## HOW TO COMPLETE THIS TASK
Starting from the line that holds "Restricted Women's Monochrome", print every line through the end of the records, first and last included.

####################

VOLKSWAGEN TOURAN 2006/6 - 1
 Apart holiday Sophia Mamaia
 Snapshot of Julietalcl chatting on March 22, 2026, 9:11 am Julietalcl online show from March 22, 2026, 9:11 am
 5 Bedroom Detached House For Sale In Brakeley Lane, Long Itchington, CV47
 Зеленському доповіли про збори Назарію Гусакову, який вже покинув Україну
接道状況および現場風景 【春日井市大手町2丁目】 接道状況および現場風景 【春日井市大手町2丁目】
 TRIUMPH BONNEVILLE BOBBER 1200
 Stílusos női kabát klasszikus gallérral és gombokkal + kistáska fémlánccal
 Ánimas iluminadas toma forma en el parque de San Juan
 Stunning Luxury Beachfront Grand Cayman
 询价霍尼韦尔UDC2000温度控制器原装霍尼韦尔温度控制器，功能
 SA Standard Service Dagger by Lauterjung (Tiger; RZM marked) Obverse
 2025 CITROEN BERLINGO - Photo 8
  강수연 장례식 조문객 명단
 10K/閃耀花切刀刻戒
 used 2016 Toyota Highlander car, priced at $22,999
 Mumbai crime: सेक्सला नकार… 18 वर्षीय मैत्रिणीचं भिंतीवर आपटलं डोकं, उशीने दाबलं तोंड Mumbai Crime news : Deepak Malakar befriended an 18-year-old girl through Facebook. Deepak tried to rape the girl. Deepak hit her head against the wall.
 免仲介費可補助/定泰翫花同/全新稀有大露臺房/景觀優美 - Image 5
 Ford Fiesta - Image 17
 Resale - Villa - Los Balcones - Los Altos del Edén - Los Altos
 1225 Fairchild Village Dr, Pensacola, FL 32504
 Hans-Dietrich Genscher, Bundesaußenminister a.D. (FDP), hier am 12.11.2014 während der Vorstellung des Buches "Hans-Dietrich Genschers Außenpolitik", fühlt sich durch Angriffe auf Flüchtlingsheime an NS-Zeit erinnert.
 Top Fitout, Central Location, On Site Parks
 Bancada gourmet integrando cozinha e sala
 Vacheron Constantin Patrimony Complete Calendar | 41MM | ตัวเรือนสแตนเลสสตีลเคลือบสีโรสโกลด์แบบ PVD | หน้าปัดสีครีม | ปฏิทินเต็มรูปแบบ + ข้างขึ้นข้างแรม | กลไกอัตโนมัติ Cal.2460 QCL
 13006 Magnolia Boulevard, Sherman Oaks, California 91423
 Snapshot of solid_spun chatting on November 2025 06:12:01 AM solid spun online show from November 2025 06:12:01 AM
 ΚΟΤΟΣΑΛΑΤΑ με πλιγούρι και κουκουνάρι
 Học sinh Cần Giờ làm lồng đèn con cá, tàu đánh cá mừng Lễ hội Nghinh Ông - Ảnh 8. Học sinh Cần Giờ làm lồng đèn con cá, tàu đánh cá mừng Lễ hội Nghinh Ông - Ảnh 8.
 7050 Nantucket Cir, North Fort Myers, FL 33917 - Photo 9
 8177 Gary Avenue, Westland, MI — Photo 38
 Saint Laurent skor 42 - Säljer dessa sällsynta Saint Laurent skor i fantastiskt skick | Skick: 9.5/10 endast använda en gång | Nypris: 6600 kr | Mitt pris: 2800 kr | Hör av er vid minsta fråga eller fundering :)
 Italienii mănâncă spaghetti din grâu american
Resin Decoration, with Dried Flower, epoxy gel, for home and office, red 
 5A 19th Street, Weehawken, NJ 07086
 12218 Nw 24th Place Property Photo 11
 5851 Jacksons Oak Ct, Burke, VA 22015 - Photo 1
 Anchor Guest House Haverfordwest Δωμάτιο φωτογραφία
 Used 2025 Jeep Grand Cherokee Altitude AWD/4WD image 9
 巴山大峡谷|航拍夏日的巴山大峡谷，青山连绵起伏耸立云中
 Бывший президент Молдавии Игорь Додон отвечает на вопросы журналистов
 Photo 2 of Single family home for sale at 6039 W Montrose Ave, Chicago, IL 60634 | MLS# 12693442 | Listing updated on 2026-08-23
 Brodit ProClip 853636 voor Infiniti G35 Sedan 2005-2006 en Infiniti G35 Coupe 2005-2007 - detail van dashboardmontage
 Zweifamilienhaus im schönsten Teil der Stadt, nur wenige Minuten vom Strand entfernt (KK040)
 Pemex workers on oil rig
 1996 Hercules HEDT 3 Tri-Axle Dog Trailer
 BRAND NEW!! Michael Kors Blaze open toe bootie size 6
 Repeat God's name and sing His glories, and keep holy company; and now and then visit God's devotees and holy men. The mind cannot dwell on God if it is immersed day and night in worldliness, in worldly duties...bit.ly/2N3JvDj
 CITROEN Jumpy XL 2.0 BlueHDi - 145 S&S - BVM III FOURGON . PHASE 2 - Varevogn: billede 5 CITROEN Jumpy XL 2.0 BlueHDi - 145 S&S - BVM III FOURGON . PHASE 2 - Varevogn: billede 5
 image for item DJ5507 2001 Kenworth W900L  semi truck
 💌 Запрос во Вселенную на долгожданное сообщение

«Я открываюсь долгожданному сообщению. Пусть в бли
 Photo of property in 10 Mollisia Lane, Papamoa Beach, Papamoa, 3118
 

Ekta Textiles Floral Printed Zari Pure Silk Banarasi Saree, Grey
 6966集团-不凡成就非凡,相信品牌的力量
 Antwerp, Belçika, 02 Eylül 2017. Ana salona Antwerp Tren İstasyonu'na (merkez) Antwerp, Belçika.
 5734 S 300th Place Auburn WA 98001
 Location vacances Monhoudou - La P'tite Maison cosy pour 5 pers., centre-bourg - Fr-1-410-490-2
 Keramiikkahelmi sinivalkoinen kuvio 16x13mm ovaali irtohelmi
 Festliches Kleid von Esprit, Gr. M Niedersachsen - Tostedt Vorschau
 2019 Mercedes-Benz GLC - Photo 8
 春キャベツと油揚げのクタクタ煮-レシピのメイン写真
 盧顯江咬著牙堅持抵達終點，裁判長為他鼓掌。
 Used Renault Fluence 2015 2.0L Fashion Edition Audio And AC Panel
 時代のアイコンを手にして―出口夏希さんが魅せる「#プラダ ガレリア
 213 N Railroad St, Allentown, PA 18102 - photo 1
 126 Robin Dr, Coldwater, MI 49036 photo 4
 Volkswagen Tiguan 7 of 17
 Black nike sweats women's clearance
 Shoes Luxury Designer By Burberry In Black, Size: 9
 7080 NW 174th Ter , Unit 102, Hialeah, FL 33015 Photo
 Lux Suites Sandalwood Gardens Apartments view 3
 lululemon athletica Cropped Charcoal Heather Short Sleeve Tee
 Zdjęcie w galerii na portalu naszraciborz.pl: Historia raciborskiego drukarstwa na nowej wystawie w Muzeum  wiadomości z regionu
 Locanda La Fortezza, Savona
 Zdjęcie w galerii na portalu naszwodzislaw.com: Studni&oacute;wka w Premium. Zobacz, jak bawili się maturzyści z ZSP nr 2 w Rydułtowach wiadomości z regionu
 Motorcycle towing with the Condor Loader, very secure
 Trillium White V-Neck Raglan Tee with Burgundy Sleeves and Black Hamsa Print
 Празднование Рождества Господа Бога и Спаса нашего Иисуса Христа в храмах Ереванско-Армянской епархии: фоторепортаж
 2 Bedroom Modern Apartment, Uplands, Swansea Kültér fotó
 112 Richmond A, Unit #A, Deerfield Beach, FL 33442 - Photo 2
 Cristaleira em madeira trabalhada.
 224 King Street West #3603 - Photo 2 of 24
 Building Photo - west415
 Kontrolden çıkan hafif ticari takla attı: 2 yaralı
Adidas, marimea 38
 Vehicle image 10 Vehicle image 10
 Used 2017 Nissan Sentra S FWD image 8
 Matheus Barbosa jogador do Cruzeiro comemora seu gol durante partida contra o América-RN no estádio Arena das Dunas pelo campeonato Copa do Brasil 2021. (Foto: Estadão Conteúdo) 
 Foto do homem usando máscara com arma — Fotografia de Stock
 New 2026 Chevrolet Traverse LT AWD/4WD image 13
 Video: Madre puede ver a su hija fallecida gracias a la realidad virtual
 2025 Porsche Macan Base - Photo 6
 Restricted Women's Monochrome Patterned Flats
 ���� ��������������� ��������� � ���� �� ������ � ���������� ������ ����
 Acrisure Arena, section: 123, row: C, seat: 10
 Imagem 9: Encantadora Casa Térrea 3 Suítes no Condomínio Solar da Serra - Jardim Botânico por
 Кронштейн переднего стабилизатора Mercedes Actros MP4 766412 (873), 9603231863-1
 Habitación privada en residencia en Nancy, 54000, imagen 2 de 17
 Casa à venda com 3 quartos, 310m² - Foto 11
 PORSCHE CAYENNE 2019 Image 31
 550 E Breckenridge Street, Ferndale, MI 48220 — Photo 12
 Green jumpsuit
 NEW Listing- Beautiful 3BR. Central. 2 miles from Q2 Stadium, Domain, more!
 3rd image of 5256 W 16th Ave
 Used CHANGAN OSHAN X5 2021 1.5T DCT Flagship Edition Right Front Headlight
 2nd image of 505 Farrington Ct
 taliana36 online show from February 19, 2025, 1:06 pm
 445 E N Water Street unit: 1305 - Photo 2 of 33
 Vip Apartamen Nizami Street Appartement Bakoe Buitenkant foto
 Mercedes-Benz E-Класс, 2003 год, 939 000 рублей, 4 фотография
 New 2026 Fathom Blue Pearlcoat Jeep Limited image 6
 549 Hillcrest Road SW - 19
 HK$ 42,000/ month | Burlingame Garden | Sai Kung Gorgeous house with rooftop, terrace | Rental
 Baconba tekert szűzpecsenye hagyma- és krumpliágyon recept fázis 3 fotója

####################

## EXERCISE RESPONSE
 Restricted Women's Monochrome Patterned Flats
 ���� ��������������� ��������� � ���� �� ������ � ���������� ������ ����
 Acrisure Arena, section: 123, row: C, seat: 10
 Imagem 9: Encantadora Casa Térrea 3 Suítes no Condomínio Solar da Serra - Jardim Botânico por
 Кронштейн переднего стабилизатора Mercedes Actros MP4 766412 (873), 9603231863-1
 Habitación privada en residencia en Nancy, 54000, imagen 2 de 17
 Casa à venda com 3 quartos, 310m² - Foto 11
 PORSCHE CAYENNE 2019 Image 31
 550 E Breckenridge Street, Ferndale, MI 48220 — Photo 12
 Green jumpsuit
 NEW Listing- Beautiful 3BR. Central. 2 miles from Q2 Stadium, Domain, more!
 3rd image of 5256 W 16th Ave
 Used CHANGAN OSHAN X5 2021 1.5T DCT Flagship Edition Right Front Headlight
 2nd image of 505 Farrington Ct
 taliana36 online show from February 19, 2025, 1:06 pm
 445 E N Water Street unit: 1305 - Photo 2 of 33
 Vip Apartamen Nizami Street Appartement Bakoe Buitenkant foto
 Mercedes-Benz E-Класс, 2003 год, 939 000 рублей, 4 фотография
 New 2026 Fathom Blue Pearlcoat Jeep Limited image 6
 549 Hillcrest Road SW - 19
 HK$ 42,000/ month | Burlingame Garden | Sai Kung Gorgeous house with rooftop, terrace | Rental
 Baconba tekert szűzpecsenye hagyma- és krumpliágyon recept fázis 3 fotója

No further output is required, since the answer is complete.